Sandra Allaire, travailleuse de rang

Les agriculteurs du Saguenay–Lac-Saint-Jean peuvent enfin se tourner vers une travailleuse de rang, en service depuis deux semaines. Née sur une ferme et originaire de la région, l’intervenante sociale Sandra Allaire agira donc en connaissance de cause.

Mme Allaire, dont le travail est chapeauté par l’organisme de Saint-Hyacinthe Au coeur des familles agricoles (ACFA), a déjà eu à intervenir. « On voit que le besoin est là. Les gens ne savaient pas encore que j’étais embauchée et il y avait déjà des demandes », souligne la travailleuse de rang, lorsque rencontrée à son kiosque de l’Exposition agricole de Chicoutimi, où elle sera jusqu’à dimanche.

La détentrice d’un baccalauréat en intervention sociale entreprend son nouveau rôle avec beaucoup de motivation. Quand une amie lui a envoyé l’offre d’emploi, elle s’est tout de suite reconnue, même si elle était bien dans son travail d’éducatrice à la maison d’hébergement Le Séjour, à Jonquière, où elle oeuvre encore.

Selon l’ACFA, « à l’instar du travailleur de rue, le travailleur de rang a pour rôle d’entrer en relation avec les personnes isolées là où elles sont. Il est à l’affût des besoins et s’assure que chacun trouve sa place sur la ferme.

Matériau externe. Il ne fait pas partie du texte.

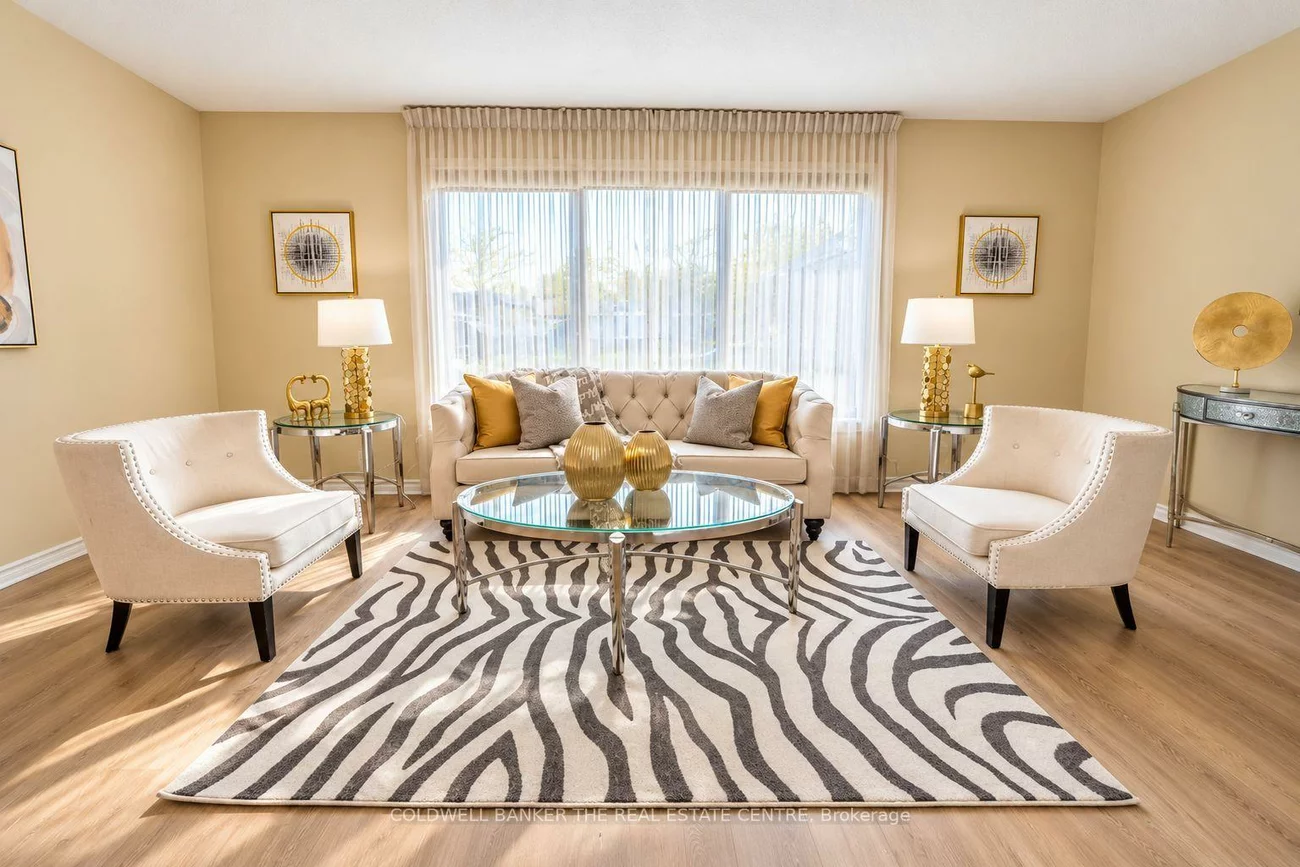 140, Woodpark, Huron Heights-Leslie Valley, Newmarket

Pour ce faire, il tisse des liens et met des gens en contact ».

Sandra Allaire explique que les nouvelles normes agricoles, la compétition, la main-d’oeuvre, l’aspect financier et la conciliation travail-famille, notamment, sont tous des aspects qui peuvent augmenter le niveau de stress de l’agriculteur. Selon elle, ils ont besoin d’accompagnement et d’équilibre, et c’est pourquoi elle est disponible pour les rencontrer dans leur milieu ou ailleurs. Elle pourra bientôt les accueillir dans son bureau, possiblement à Saint-Bruno, pour être bien centrée entre le Saguenay et le Lac-Saint-Jean. En attendant, elle a loué un local.

« Je suis bien accueillie, que ce soit par l’UPA, le CLSC ou les GMF », se réjouit Mme Allaire.

La mère de quatre enfants cite quelques exemples pour montrer que les besoins sont variés.

Par exemple, il peut s’agir d’un jeune agriculteur qui prend la relève de la ferme familiale et dont le père a toujours travaillé très fort. Cependant, le jeune veut concilier travail et famille, ce que le père ne comprend pas, alors il se sent coupable.

Elle donne aussi l’exemple de l’agriculteur qui n’a ni femme ni enfant et pour qui seul le travail compte. Cependant, en cas de tracas, il n’a personne à qui se confier.

Il peut aussi s’agir d’une femme qui n’est pas considérée par son conjoint parce qu’il travaille trop fort, ou des cas où surviennent des conflits familiaux, ajoute-t-elle.

« On peut les rencontrer sans nécessairement parler. Pour eux, juste évacuer ou tempérer, ça aide. Ils n’ont pas toujours des gens avec qui le faire. On trouve aussi des façons de gérer le stress. On pratique des techniques de respiration. »

Invitée à dire si les difficultés sont plus grandes dans un domaine ou dans l’autre, Mme Allaire répond que tous les styles d’agriculture ont leur lot de difficultés.